Я оценила его честность: ведь он продемонстрировал, насколько виноватым он себя чувствует. Вспоминаю, что надо взвеситься. Всю жизнь хотела узнать, сколько весит моя грудь, — и вот подвернулась странная возможность это выяснить.
Приходит доктор Харви. До сих пор у нас не было случая обсудить, что он собирается сделать со второй грудью. Он приносит фотографии. Я просматриваю их, пытаясь найти такую форму груди, которая бы меня устроила. Мне хочется, чтобы ему не пришлось перемещать сосок наверх: я знаю, что это снизит его чувствительность. Оказывается, что в моем случае это почти возможно: грудь у меня почти не обвисает, и протоки молочных желез не будут задеты. Если я когда-нибудь смогу родить ребенка, моя грудь по-прежнему будет функционировать. Я уже поняла, как будет происходить операция, где будут сделаны надрезы, что из меня вырежут, как зашьют так, чтобы сделать грудь меньше. Доктор Харви измеряет грудь и ставит на ней пометки. Он меряет и отмечает окружность соска, измеряет и отмечает участок, на который сосок будет сдвинут, отмечает места, где будут сделаны надрезы, и участки кожи, которые будут вырезаны.
Когда он уходит, появляются мои родители. Я показываю им отметки и объясняю предстоящую операцию. Говорю я очень уверенным тоном, но в то же время понимаю, что отец, скорее всего, видит мою грудь первый раз в жизни. И в последний — ни он, никто другой больше не увидит мои груди в прежнем виде!

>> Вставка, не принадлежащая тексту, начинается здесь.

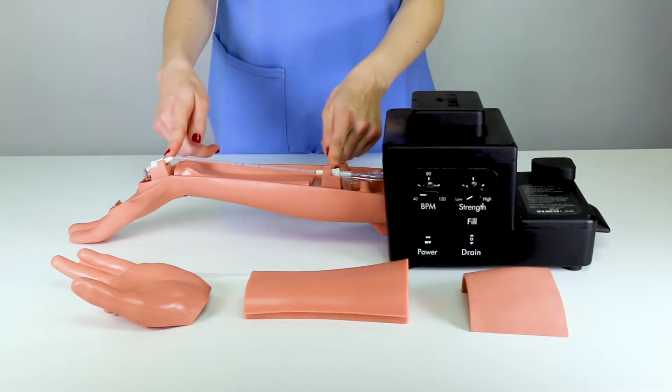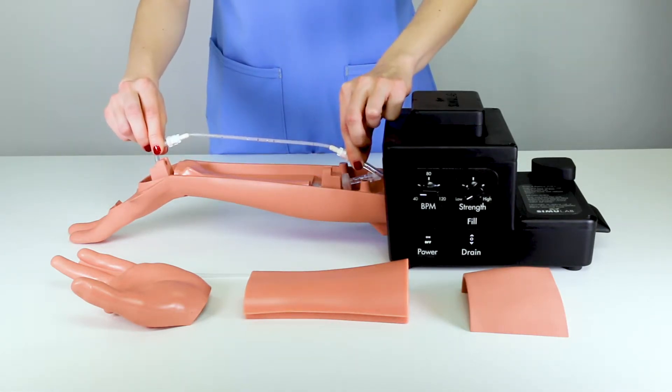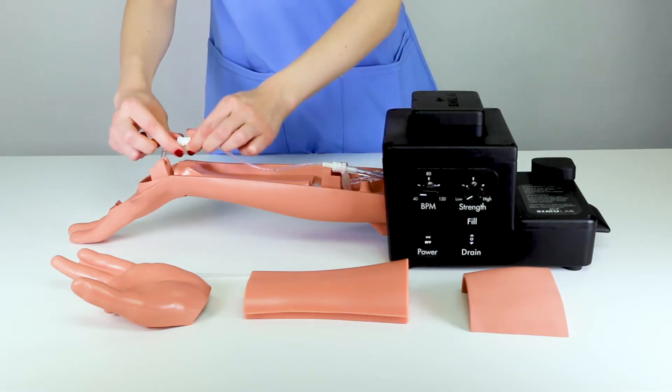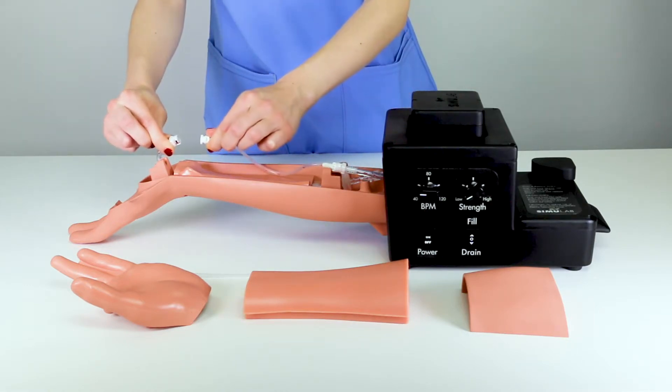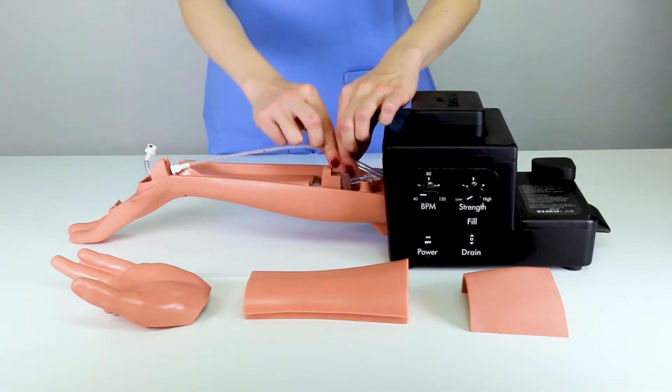Remove the artery from the stands on both ends of the arm. Detach the connectors by twisting counter-clockwise until a small click is heard and felt, releasing the connectors, and repeat on the other side.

Приходит Кен, забирается ко мне в кровать, и мы обнимаемся. Он лежит со мной, а мимо нас время от времени проходит кто-нибудь из медицинского персонала. Но ни доктора, ни медсестры не протестуют. «Тебе в этих больницах сошло бы с рук что угодно, даже убийство, ты это понимаешь?» — говорю я. Кен делает страшную гримасу: «Да. Это потому что я крутой зверюга-мачо», — рычит он. «Нет, это потому что ты лучезарно улыбаешься всем, кто заходит, а еще потому что ты всех медсестер засыпал цветами», — отвечаю я. Мы смеемся, но мне очень грустно. Грустно из-за груди, которой у меня скоро не станет.
Наступает раннее утро. Я лежу в полусне. В этот раз я боюсь гораздо меньше. Во мне больше спокойствия — без сомнения, благодаря медитации. Да и рак за последний год стал неотъемлемым фактом моей жизни, моим постоянным спутником. Но все-таки я чувствую, каких усилий мне стоит все это преодолевать — сдерживать свои сомнения, вопросы, страхи, мысли о будущем. Я сознательно надела на себя шоры и смотрю только прямо перед собой. Я не смотрю ни вправо, ни влево — на те пути, по которым я не пошла. Все исследования сделаны и решение принято. Теперь не время задавать вопросы. Настало время пройти путь, который лежит прямо передо мной. Для того чтобы пройти его, мне пришлось отключить часть своего сознания. Я отключила того, кто внутри меня сомневается и задает вопросы. Только спокойствие и уверенность в себе. Кен держит меня за руку; мама и папа ждут вместе с нами. Снова, как и год назад, операция откладывается. Я думаю о хирургах, которые сосредоточенно заняты своим делом, — и здесь, в госпитале, и в других уголках страны и всего мира. Думаю о врачах, медсестрах, обслуживающем персонале, об инструментах, оборудовании, хитроумных машинах, которые выстроились в шеренгу, чтобы сразиться с недугом. Валиум и промедол начинают оказывать воздействие. Меня везут в операционное отделение.